Food assistance bill stalls in Senate committee over eligibility concerns
LEXINGTON, Ky. — Kentucky lawmakers discussed but declined to vote on legislation Tuesday that would significantly restrict access to food assistance for thousands of state residents already facing federal benefit cuts.
Senate Bill 257, sponsored by GOP Sen. Shelley Funke Frommeyer of Alexandria, would reinstate financial asset limits and reduce income thresholds for Kentuckians qualifying for the Supplemental Nutrition Assistance Program. The bill would also require the state Cabinet for Community-Based Services to review federal data on food assistance applicants monthly, compared with the current annual or semi-annual verification schedule.
More than half a million Kentuckians received SNAP benefits this month, 40 percent of whom are children, according to state data. Funke Frommeyer said the legislation "simplifies" requirements and ensures only the most needy access food assistance, arguing it would help reduce the state's error rate in administering the program—a metric that has taken on new significance under federal law.
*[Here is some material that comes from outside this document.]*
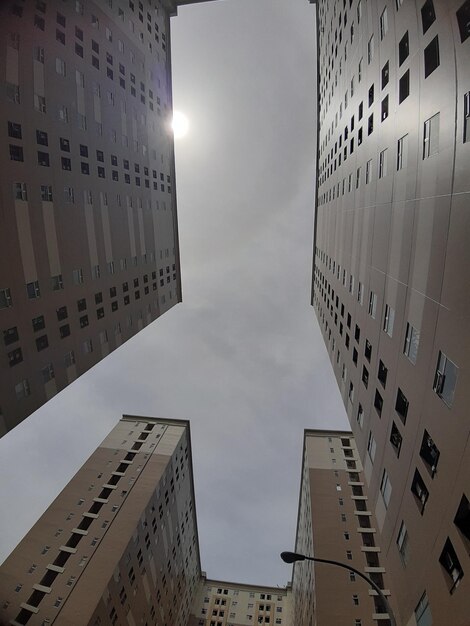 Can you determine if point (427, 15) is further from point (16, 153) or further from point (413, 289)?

Under a recently passed federal package, states with high SNAP error rates must pay a share of benefit costs, which the federal government has historically footed entirely. Kentucky's unofficial error rate hovers around 4 percent for 2025, below the threshold requiring state payment, a significant drop from the previous year's rate of about 9 percent.
The bill faced vocal opposition at the Senate Families and Children Committee hearing. Richard Gianzero, a pastor and executive director of the Kentucky Council of Churches, said cutting eligibility may save the state money but goes against the state's ethical and moral obligations. Gianzero argued that the bill imposes further bureaucratic restrictions to reduce the number of people in need rather than solving underlying poverty.
Eliminating what's known as Broad Based Categorical Eligibility would take food assistance from over 40,000 Kentuckians in 16,900 households—including 16,800 kids and 6,600 older adults, according to the Kentucky Center for Economic Policy. The increased verification requirements could actually increase the error rate and cost the SNAP program more overall, according to Jessica Klein with the Center for Economic Policy.
The timing of the bill's advancement adds urgency to the debate. Kentucky's SNAP rolls have already declined by about 81,000 individuals since the federal bill became law in July. The Senate committee did not vote on the bill after two Republican senators expressed concern over the lack of a cost analysis. The bill awaits further consideration in the committee as the legislature enters its final weeks of the 2026 session.